John Bartlett (1820–1905). Familiar Quotations, 10th ed. 1919.

Thomas Fuller 1608-1661 John Bartlett

 
1
    Drawing near her death, she sent most pious thoughts as harbingers to heaven; and her soul saw a glimpse of happiness through the chinks of her sickness-broken body.
          Life of Monica.
2
    He was one of a lean body and visage, as if his eager soul, biting for anger at the clog of his body, desired to fret a passage through it. 1
          Life of the Duke of Alva.
3
    She commandeth her husband, in any equal matter, by constant obeying him.
          Holy and Profane State. The Good Wife.
4
    He knows little who will tell his wife all he knows.
          The Good Husband.
5
    One that will not plead that cause wherein his tongue must be confuted by his conscience.

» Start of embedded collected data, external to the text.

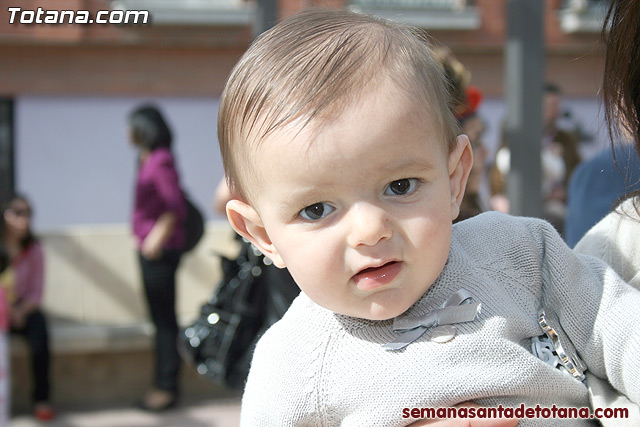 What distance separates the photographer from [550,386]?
50.0 inches

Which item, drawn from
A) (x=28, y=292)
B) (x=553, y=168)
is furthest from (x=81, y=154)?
(x=553, y=168)

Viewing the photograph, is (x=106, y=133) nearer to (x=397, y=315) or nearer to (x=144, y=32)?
(x=144, y=32)

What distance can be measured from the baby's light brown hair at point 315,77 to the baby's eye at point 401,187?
11 centimetres

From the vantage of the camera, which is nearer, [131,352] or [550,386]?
[550,386]

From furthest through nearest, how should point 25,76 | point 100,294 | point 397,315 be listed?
point 25,76 < point 100,294 < point 397,315

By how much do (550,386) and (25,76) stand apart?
1034cm

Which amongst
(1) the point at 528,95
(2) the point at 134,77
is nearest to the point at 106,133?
(2) the point at 134,77

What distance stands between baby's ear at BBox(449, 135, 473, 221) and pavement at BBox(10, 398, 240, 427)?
4.30m

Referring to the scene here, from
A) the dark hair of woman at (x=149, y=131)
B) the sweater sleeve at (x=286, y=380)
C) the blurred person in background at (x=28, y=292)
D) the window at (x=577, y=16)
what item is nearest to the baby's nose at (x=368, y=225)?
the sweater sleeve at (x=286, y=380)

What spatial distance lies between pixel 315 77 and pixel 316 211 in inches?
8.0

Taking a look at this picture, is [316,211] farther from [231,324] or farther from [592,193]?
[231,324]

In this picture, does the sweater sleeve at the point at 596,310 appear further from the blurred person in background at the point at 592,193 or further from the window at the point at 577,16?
the window at the point at 577,16

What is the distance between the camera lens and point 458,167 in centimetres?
131

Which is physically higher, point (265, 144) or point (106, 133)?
point (106, 133) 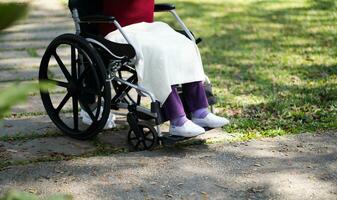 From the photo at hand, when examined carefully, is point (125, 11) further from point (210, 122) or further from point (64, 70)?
point (210, 122)

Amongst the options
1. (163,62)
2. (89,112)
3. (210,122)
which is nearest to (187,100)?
(210,122)

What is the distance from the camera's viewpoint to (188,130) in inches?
108

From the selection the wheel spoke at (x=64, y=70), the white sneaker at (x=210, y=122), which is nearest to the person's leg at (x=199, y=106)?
the white sneaker at (x=210, y=122)

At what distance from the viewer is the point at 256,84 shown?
4.23 metres

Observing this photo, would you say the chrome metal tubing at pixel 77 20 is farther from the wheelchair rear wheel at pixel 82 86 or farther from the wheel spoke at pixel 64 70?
the wheel spoke at pixel 64 70

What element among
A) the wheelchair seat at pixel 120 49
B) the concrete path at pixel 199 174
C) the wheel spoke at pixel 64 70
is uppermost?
the wheelchair seat at pixel 120 49

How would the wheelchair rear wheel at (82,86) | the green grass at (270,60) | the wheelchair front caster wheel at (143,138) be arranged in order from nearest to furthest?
the wheelchair rear wheel at (82,86), the wheelchair front caster wheel at (143,138), the green grass at (270,60)

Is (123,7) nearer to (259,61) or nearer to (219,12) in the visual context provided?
(259,61)

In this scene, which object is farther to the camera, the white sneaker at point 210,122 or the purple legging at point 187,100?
the white sneaker at point 210,122

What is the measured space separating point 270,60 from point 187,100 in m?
2.11

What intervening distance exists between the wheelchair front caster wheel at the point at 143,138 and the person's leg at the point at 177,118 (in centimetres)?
11

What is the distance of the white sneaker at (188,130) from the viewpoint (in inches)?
108

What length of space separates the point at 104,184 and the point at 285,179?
849mm

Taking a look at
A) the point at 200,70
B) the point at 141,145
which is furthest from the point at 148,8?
the point at 141,145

          The Good Advocate.
6
    A little skill in antiquity inclines a man to Popery; but depth in that study brings him about again to our religion. 2
          The True Church Antiquary.
7
    But our captain counts the image of God—nevertheless his image—cut in ebony as if done in ivory, and in the blackest Moors he sees the representation of the King of Heaven.

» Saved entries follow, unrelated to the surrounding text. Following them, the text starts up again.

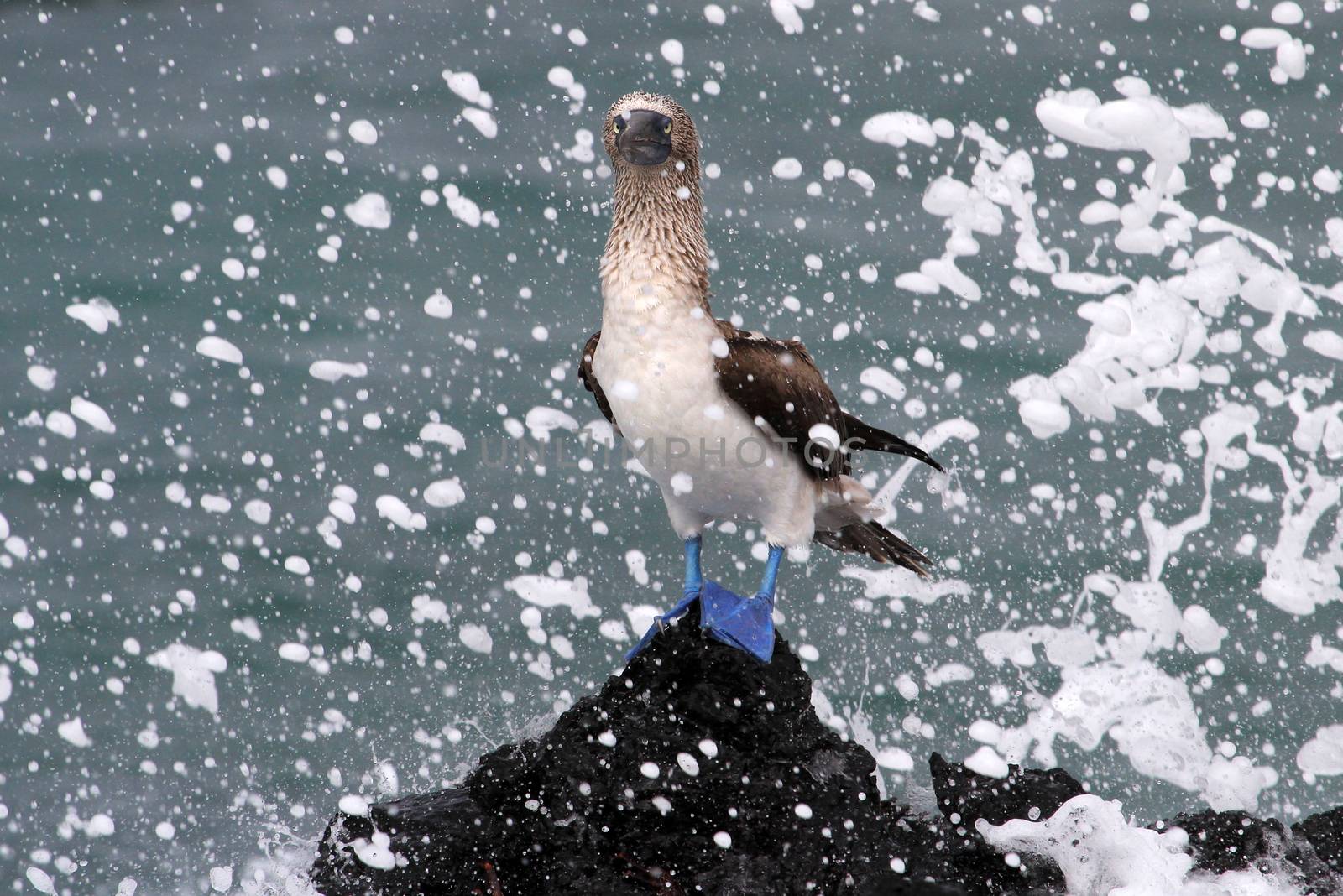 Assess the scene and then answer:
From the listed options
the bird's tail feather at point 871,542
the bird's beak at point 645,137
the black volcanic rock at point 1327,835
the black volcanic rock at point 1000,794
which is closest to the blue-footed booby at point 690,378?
the bird's beak at point 645,137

          The Good Sea-Captain.
8
    To smell to a turf of fresh earth is wholesome for the body; no less are thoughts of mortality cordial to the soul.
          The Virtuous Lady.
9
    The lion is not so fierce as painted. 3
          Of Preferment.
10
    Their heads sometimes so little that there is no room for wit; sometimes so long that there is no wit for so much room.
          Of Natural Fools.
  
  
  
11
    The Pyramids themselves, doting with age, have forgotten the names of their founders.
          Of Tombs.
12
    Learning hath gained most by those books by which the printers have lost.
          Of Books.
13
    They that marry ancient people, merely in expectation to bury them, hang themselves in hope that one will come and cut the halter.
          Of Marriage.
14
    Fame sometimes hath created something of nothing.
          Fame.
15
    Often the cockloft is empty in those whom Nature hath built many stories high. 4
          Andronicus. Sect. vi. Par. 18, 1.
 
Note 1.
A fiery soul, which, working out its way,
Fretted the pigmy-body to decay,
And o’er-inform’d the tenement of clay.
John Dryden: Absalom and Achitophel, part i. line 156. [back]
Note 2.
See Bacon, Quotation 18. [back]
Note 3.
See Herbert, Quotation 19. [back]
Note 4.
See Bacon, Quotation 53. [back]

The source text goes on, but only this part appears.